While the media shouts “grow up” at us or empathizes with 30 different ways to say “the economy,” let me make a confession: I’m part of the boomerang generation. I’m writing this from my childhood bedroom. In the kitchen, my parents are making dinner, in which I get to partake, for free. I like that word. Moving back home was my personal choice.  Graduate school is expensive and my parents only live 45 minutes away from the city. Hello two years I save on rent. Goodbye apartment, privacy and idiosyncrasies of living alone. Though my classmates give me a pained look when I tell them I live at Home with a capital H, I’ve got to say, don’t knock this. When done right, boomeranging can be a successful way to get through your rough patch, save up some money and spend some time reconnecting with your roots.
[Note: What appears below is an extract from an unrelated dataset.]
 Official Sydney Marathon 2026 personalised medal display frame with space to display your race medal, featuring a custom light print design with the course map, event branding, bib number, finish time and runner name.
I hope you get a job when you graduate. I hope you get the best job. I hope I get the best job, because I’m going to need it to pay off my SCAD student loans. But if you need to spend some time at home and your family is nice enough to let you move back in, make the most of it. Set boundaries with your parents for being an adult in your childhood home, navigating the old, nostalgic days and now the new, exasperating days of “What time will you be home?” and “Who are you going out with?” Ask what ways you can contribute, whether it’s paying a small rent or being the designated dishwasher. Spend time with your family and your family pets, enjoying your “old life” from the perspective of a more grown-up you. There’s a reason why the Italians and Spanish live at home until they get married, it isn’t all that bad having a community to enjoy dinner with and who support you when you need it most.

Our generation is learning a tough lesson, we’re not necessarily going to get what was promised. We may need to suck up our pride and move back home until we get back on our feet, however long it takes. The good news is when we emerge from the nest a second time, we’re going to have twice as much respect for where we came from and for where we’re going.